Le parole di Cingolani arrivano all’indomani della diffusione della “black list” degli alimenti più contaminati redatta da Coldiretti: dal broccolo cinese alle melagrane egiziane, tanti alimenti importati in Italia contenenti residui di sostanze chimiche fuori norma rispetto alla legislazione europea.

(Per approfondire leggi qui: Gli alimenti più contaminati? I broccoli cinesi. La denuncia di Coldiretti)

“Abbiamo molti strumenti per scongiurare i veleni nel piatto”, dice Cingolani che invita tutti a investire di più in ricerca e sperimentazione. Alcuni strumenti sono già stati messi a punto e andrebbero valorizzati. Si tratta di teconologie diagnostiche, il cosiddetto hi tech dei sensori, strumenti flessibili da poter usare fuori dai laboratori, magari nei luoghi di produzione e distribuzione prima che i prodotti alimentari arrivino nei supermercati.
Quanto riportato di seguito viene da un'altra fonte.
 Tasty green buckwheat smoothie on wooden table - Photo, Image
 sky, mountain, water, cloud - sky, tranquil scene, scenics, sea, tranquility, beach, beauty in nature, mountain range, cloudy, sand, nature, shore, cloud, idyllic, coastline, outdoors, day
No a sprechi e più made in Italy: una nuova politica del cibo

Uno scenario immaginato da Cingolani è quello della “agricoltura di precisione”, come la definisce lo scienziato. “Robot-contadini” da impiegare nei campi per individuare quali piante irrorare e quali no. Oggi, ricorda Cingolani, le piante sono infatti esposte a una vera e propria “overdose di trattamenti”.

(Per approfondire leggi qui: Ogm, Mantovani: “La scienza ci dice che non sono cancerogeni”)

Lo sviluppo scientifico e tecnologico dovrebbe essere anche sostenibile, per l’uomo e l’ambiente, e potrebbe innescare una nuova rivoluzione manifatturiera creando materiali a basso impatto ambientale.

Anche il ciclo dell’acqua meriterebbe interventi ad alto tasso di tecnologia ma, al di là di sperimentazioni e innovazioni, c’è un problema a monte. Siamo sicuri di dover importare questi prodotti, che spesso si rivelano contaminati, da Vietnam e Cina? Senza sprechi e scarti e valorizzando ancora di più il made in Italy si potrebbe puntare su una una nuova politica del cibo, conclude Cingolani.